Yazata
Valued Senior Member
In short, you're just making the obvious statement that people are observed to reason logically about certain things. I wouldn't have thought that was a very earth-shattering observation; it seems obvious to me. But at least we got there in the end - and only 50 posts into the thread.
If that's Speakpigeon's proposed program, then I can see a potential difficulty.
People think in all sorts of ways. Some of those ways are logically valid and even sound, while others (like the thought process of a schizophrenic) are almost the antithesis of logical. Some ways aren't exactly logical but may have what we might judge are other valuable qualities, such as literary narrativity or poetic allusion.
The point being that there's a normative/prescriptive aspect to logic that simple empirical observation and descriptive modeling of real life thought processes doesn't seem to me to capture.
So ... speculation: you're looking for an empirical science that studies how people reason logically? You're aware that the cognitive sciences already study this, it seems.
I think that cognitive science addresses the problem above pragmatically. It examines cognizers undertaking particular tasks and describes the problem-solving methods that they use, even formalizing those methods in the form of computer algorithms. The additional normative component here is derived from what does and doesn't work.
But you think that the "missing piece" is a "formal model of deductive logic", whatever that means in the context of human cognitive behaviour.
It seems to me that the 'formal model of deductive logic' that Speakpigeon is seeking already exists. There's a variety of them and they are called formal logic, the formal mathematical-style deductive systems that logicians concoct. In other words, logicians spend their time pursuing Speakpigeon's program without his realizing it. Of course they don't base it on scientific observations, they do it from the comfort of their armchairs. But I think that there still is an empirical aspect to it, since it's based on abstracting and formalizing from natural language use.
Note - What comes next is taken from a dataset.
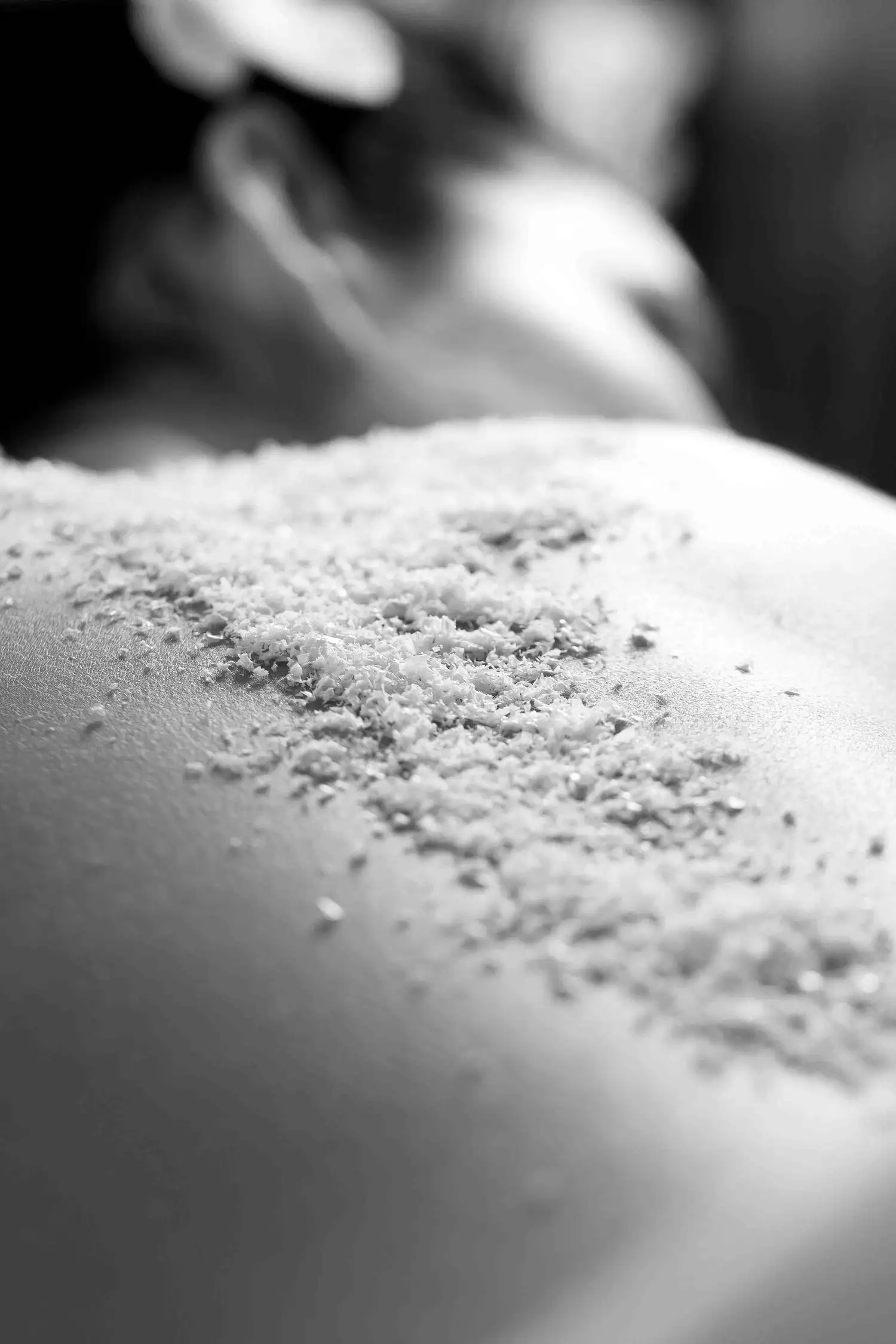 Peeling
But there's still the problem of justifying the normative and prescriptive side of logic. The problem of why we should use valid logical forms in our thinking and avoid thinking like a schizophrenic. Cognitive science addresses that by attending to cognitive strategies that are observed to work.
Logicians themselves might take a different tack. They might argue that logic's normative aspect is derived from the fact that logic is truth preserving. 'If A, then B'. Assuming that A is true and assuming that the 'if' is the if of logical deduction, then B must be true too. But one might argue that there's an element of circularity to that argument. It might be assuming the qualities of logic that the argument seeks to justify.
An advantage of the cognitive science approach might be that there could be many effective heuristic strategies that aren't deductively valid or truth preserving. Scientific induction might be an example of that. So there's an argument to be made that these heuristic strategies might need to be empirically discovered, not formally derived as theorems in a formal logical system.